_The records:_
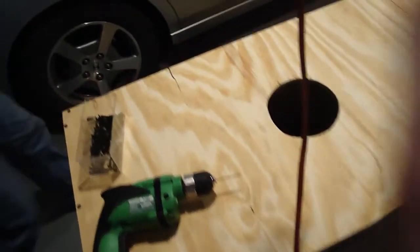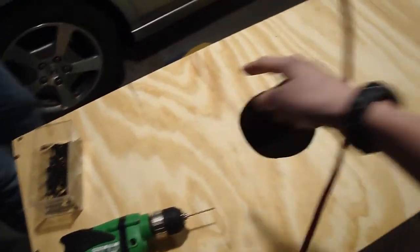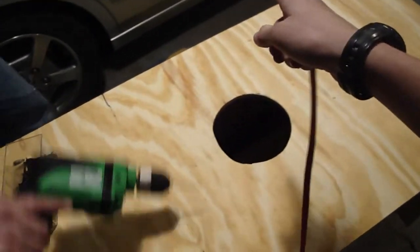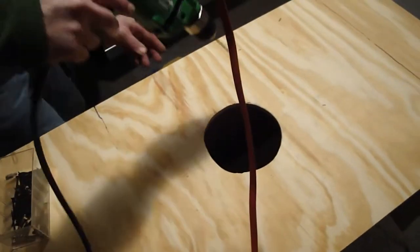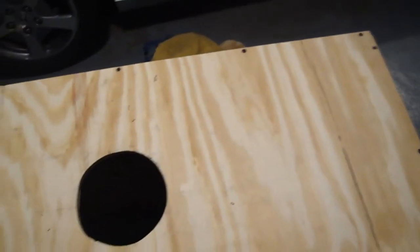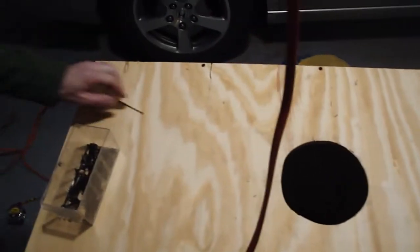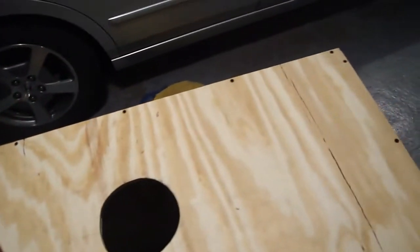Now we're going to put screws along the back side. So we went ahead and just put five screws across the back there. That should be constructing the box. We'll just have to put the plexiglass on the front.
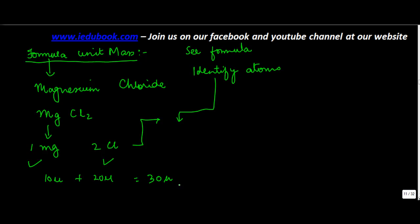You get the formula unit mass. So formula unit mass basically says for one unit of magnesium chloride, the mass of one unit equals the combined mass.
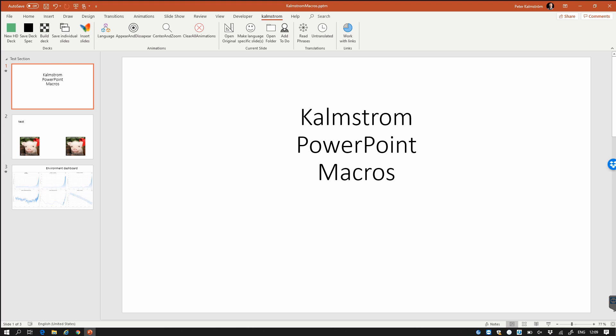Hi, I'm Peter Kalmstrom of Kalmstrom.com Business Solutions. In this demonstration I will talk about a solution that I built for creating a slide factory. This is something that many people want and I'm just going to show you my solution for that.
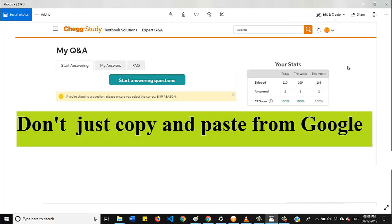The second point is don't just copy and paste from Google. Many times it happens that we find the answer in Google for the Chegg questions. It doesn't mean that you should copy all the text and paste it in the answering area.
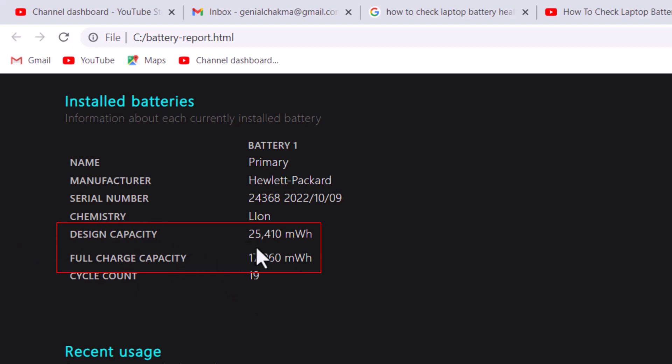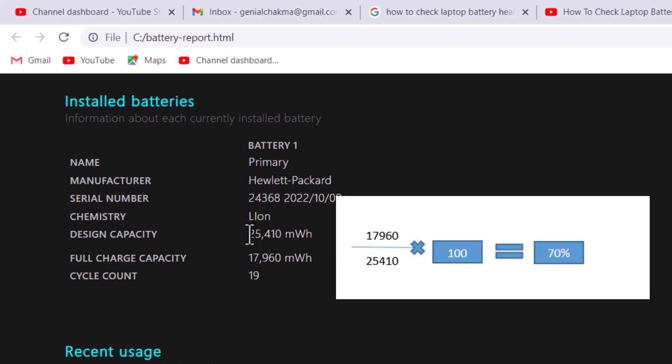This is your battery design capacity and charge capacity. That means your battery health is 70%.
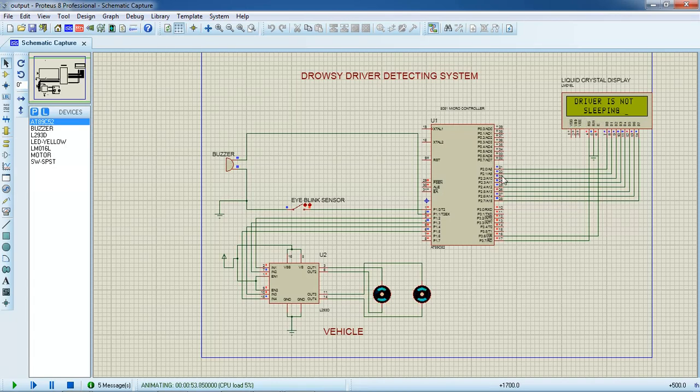This is a simple prototype application with eye blink sensor. Thanks for watching.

_Exercise aim:_
With the pictures excluded, the records are to be reproduced exactly.

_Response to this exercise:_
Now we're going to put screws along the back side. So we went ahead and just put five screws across the back there. That should be constructing the box. We'll just have to put the plexiglass on the front.
You get the formula unit mass. So formula unit mass basically says for one unit of magnesium chloride, the mass of one unit equals the combined mass.
Hi, I'm Peter Kalmstrom of Kalmstrom.com Business Solutions. In this demonstration I will talk about a solution that I built for creating a slide factory. This is something that many people want and I'm just going to show you my solution for that.
The second point is don't just copy and paste from Google. Many times it happens that we find the answer in Google for the Chegg questions. It doesn't mean that you should copy all the text and paste it in the answering area.
This is your battery design capacity and charge capacity. That means your battery health is 70%.
This is a simple prototype application with eye blink sensor. Thanks for watching.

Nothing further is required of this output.